Myofibroblastoma in the Liver: A Case Report and Review of Literature

Mohan Narasimhamurthy 1,#, Deepika Savant 1,4,#, Lauren Shreve 2, Mark A Rosen 2, Major Kenneth Lee 3, Kumarasen Cooper 1, Emma E Furth 1, Paul J Zhang 1, Zhaohai Yang 1,
PMCID: PMC10616985  PMID: 36917841

Abstract

Myofibroblastoma is a rare benign mesenchymal tumor first described in the breast. It is also known as mammary-type myofibroblastoma outside of the breast, more frequently located along the embryonic milk line. Exceptionally, myofibroblastoma can occur at visceral locations. We present a case of myofibroblastoma detected incidentally in the liver. A well-circumscribed mass, grossly measuring 6.2 cm in the liver parenchyma, was found on imaging studies. Histologically, the lesion is characterized by benign spindle cells in a hyalinized collagenous stroma, with positive staining for SMA and ER, focal positivity for CD34, negative for desmin, and loss of RB1. This rare tumor at such an unusual location makes it diagnostically challenging, especially on core biopsy of the lesion. To our knowledge, this is the second case of myofibroblastoma in the liver reported in the English literature and the first such case with a detailed pathology description.

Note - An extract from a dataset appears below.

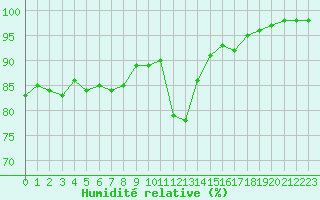 Courbe de l'humidit relative pour Metz (57)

Keywords: breast, liver, radiology, soft tissue, immunohistochemistry

Introduction

Myofibroblastoma is a rare benign spindle cell tumor with fibroblastic and myofibroblastic differentiation, and usually occurs in the breast. Most commonly, it presents as a slow-growing painless breast mass, which on imaging, appears as a well-circumscribed, lobulated mass. Infrequently, it occurs outside of the breast along the embryonic milk line and is also known as mammary-type myofibroblastoma. Myofibroblastoma was first described in 2001 in a series of 9 cases. 1 The most common locations are the inguinal region, perineum, scrotum, and vulva. Myofibroblastoma is exceedingly rare in the liver, and currently, only one such case has been reported in the English literature. 2

When occurring in the liver, myofibroblastoma may pose diagnostic challenges due to its non-specific clinical and radiological features. On histology, it overlaps with other bland spindle cell lesions. Herein we describe a case of myofibroblastoma in the liver of a 52-year-old woman, with detailed histological and immunohistochemical analyses.

Case Report

A 52-year-old woman presented with symptoms of urinary tract infection and subsequently underwent computed tomography (CT) urogram examination to rule out anatomic abnormalities. Incidentally, she was found to have a 5.4 cm lesion in the right liver (Figure 1). Subsequent magnetic resonance imaging (MRI) of the abdomen demonstrated a mass with avid uniform arterial phase enhancement without washout on delayed portal venous phase. The gallbladder, bile ducts, adjacent hepatic parenchyma, and hepatic vasculature were unremarkable. The overall imaging findings were indeterminate, as imaging features were not characteristic of benign hepatocellular lesions (eg, focal nodular hyperplasia or adenoma). Percutaneous biopsy was thus performed under ultrasound imaging guidance. Histology demonstrated a hypocellular spindle cell neoplasm with bland, oval to spindle cells embedded in the hyalinized collagen bundles (Figure 2). There were no mitoses or necrosis. A broad panel of immunohistochemical stains showed a unique combination of positive estrogen receptor (ER), CD34 (focal), and muscle markers (SMA and caldesmon) consistent with myofibroblastoma.

Figure 1.

Figure 1.

Computerized tomography (CT) urogram protocol, axial images during (A) non-contrast, (B) nephrographic, and (C) excretory phases. Imaging finding is notable for a hypo/isoattenuating liver mass in segment 8 with homogeneous enhancement on portal venous phase and delayed washout.

Figure 2.

Figure 2.

Morphological features of the tumor on liver biopsy. (A) H&E (100×) section shows a bland spindle cell proliferation with low cellularity in the background of the collagenous stroma. There is no significant atypia or mitosis. Immunohistochemical stains show the tumor cells are positive for SMA (B), focally positive for CD34 (C), and ER (D) (200×original magnification).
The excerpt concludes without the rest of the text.